Material for this exercise START
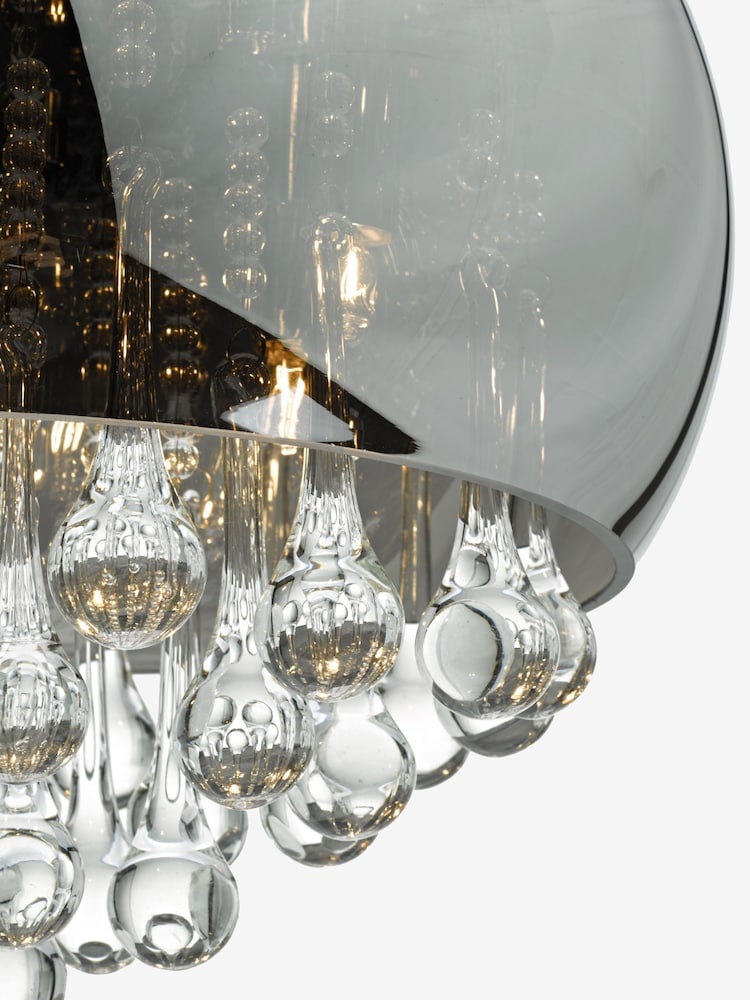 Dar Lighting Black Giselle 5 Light Ceiling Light Pendant - Image 4 of 4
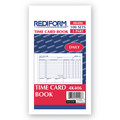 Office Jansan | Rediform 4K406 4.25 in. x 7 in. Two Sides Daily Employee Time Cards (1-Pad) image number 0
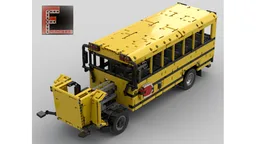American Schoolbus full RC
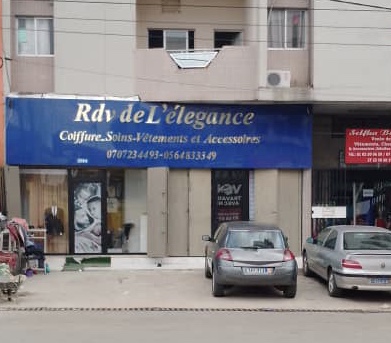 Salon de coiffure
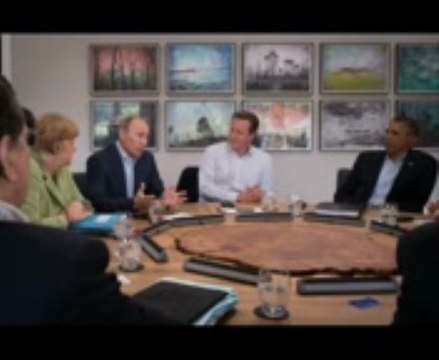 Table ronde 2013.06.22 Tahann, Dortiguier - G8 divisé sur la Syrie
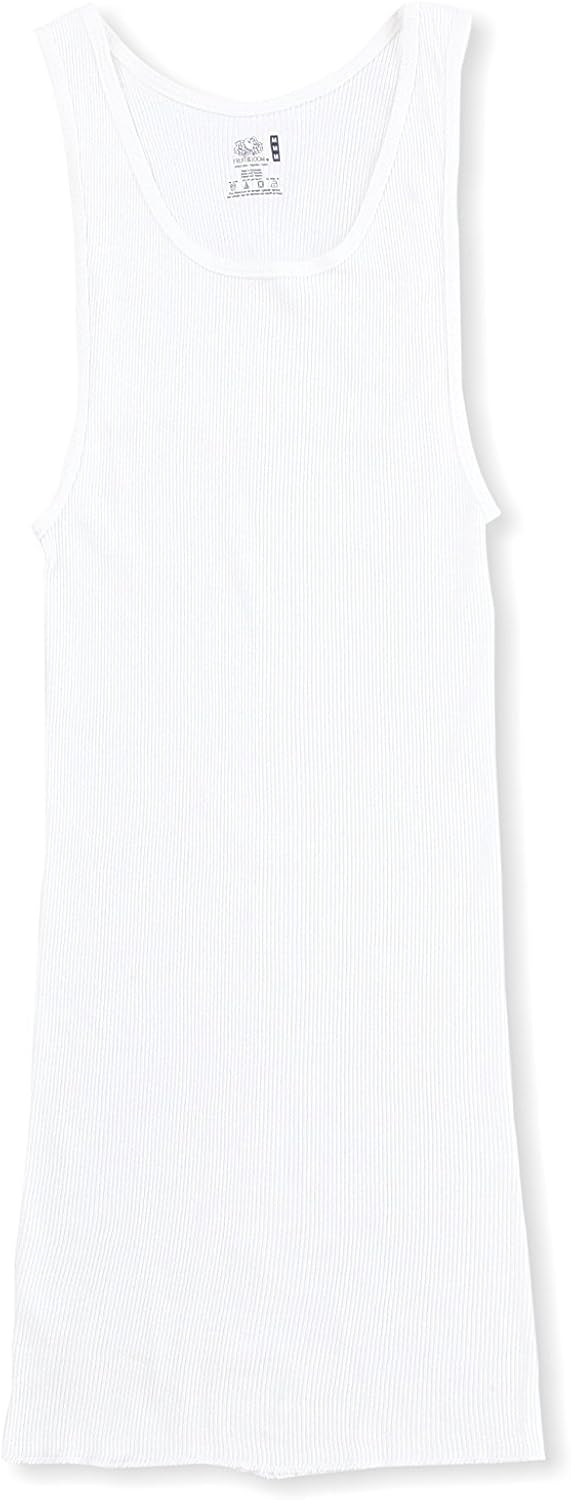 Fruit of the Loom Men's A-Shirts: Clothing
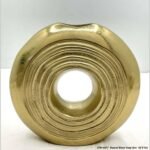 4976- ROUND WAVE VASE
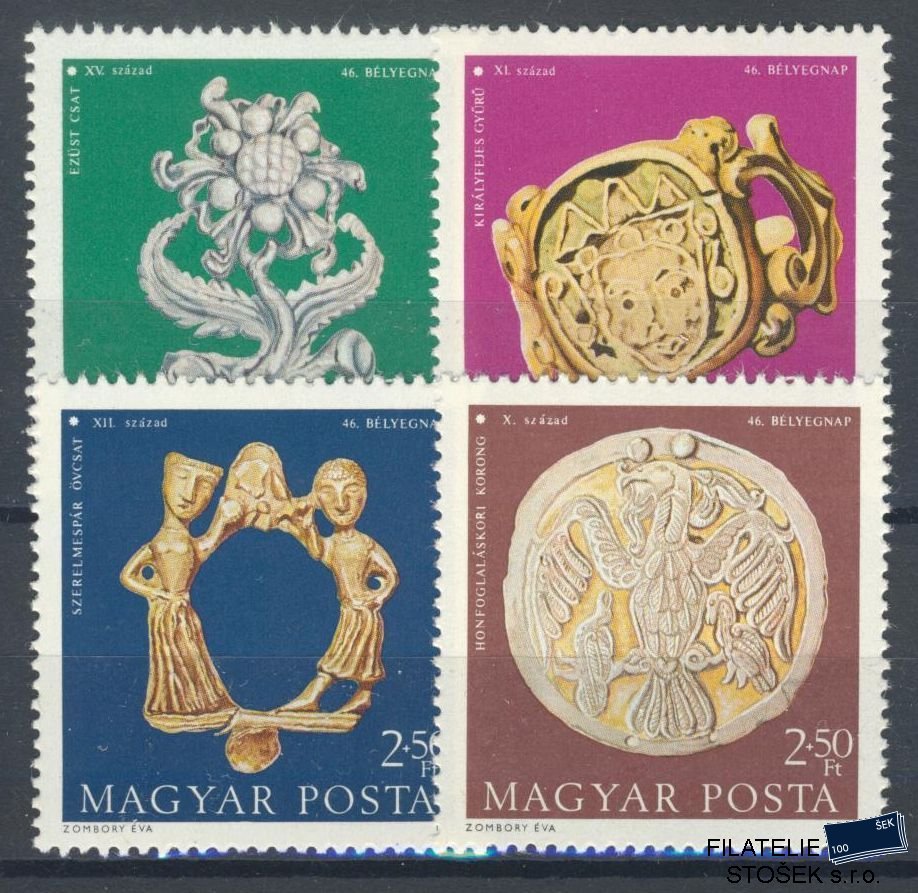 Maďarsko známky Mi 2898-2901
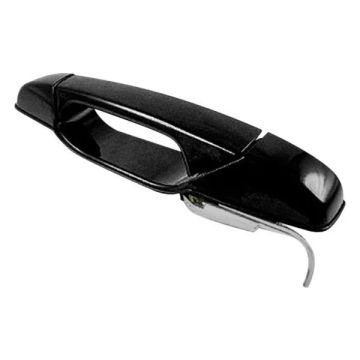 Exterior Door Handle Rear Right for Cadillac Escalade Escalade ESV Chevrolet Silverado 1500 Silverado 2500 HD Silverado 3500 HD Suburban 1500 Suburban 2500 GMC Sierra 1500 Sierra 2500 HD Sierra 3500 HD Yukon XL 1500 Yukon XL 2500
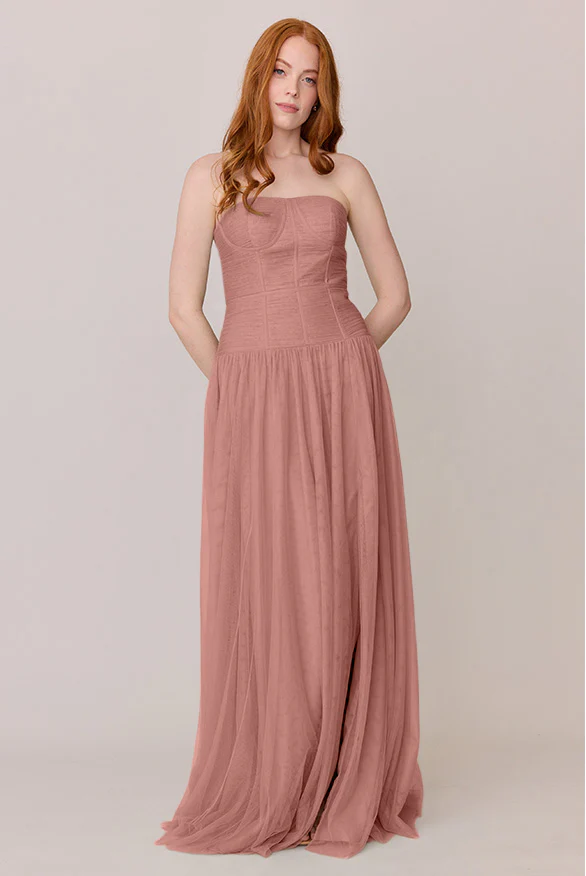 Nicola Tulle Dress | Made To Order - Image 64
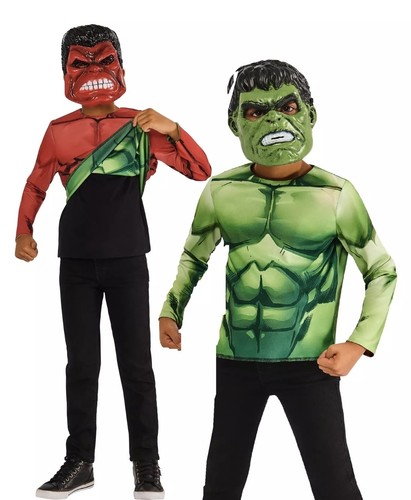 Reversible hulk child costume - reversible,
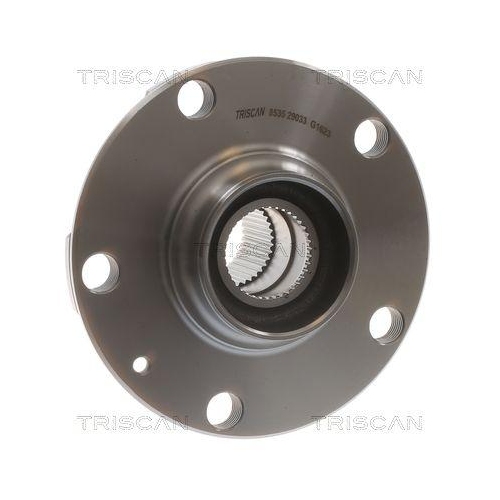 Radnabe TRISCAN 8535 29033 f&uuml;r AUDI VW, Hinterachse, Vorderachse, links, rechts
Material for this exercise END
Transcribe, from the records above, the first line and every line after it up to and including the line with "Nicola Tulle Dress"; omit pictures.

▸ **Response to the exercise**:
 Dar Lighting Black Giselle 5 Light Ceiling Light Pendant - Image 4 of 4
 Office Jansan | Rediform 4K406 4.25 in. x 7 in. Two Sides Daily Employee Time Cards (1-Pad) image number 0
American Schoolbus full RC
 Salon de coiffure
 Table ronde 2013.06.22 Tahann, Dortiguier - G8 divisé sur la Syrie
 Fruit of the Loom Men's A-Shirts: Clothing
 4976- ROUND WAVE VASE
 Maďarsko známky Mi 2898-2901
 Exterior Door Handle Rear Right for Cadillac Escalade Escalade ESV Chevrolet Silverado 1500 Silverado 2500 HD Silverado 3500 HD Suburban 1500 Suburban 2500 GMC Sierra 1500 Sierra 2500 HD Sierra 3500 HD Yukon XL 1500 Yukon XL 2500
 Nicola Tulle Dress | Made To Order - Image 64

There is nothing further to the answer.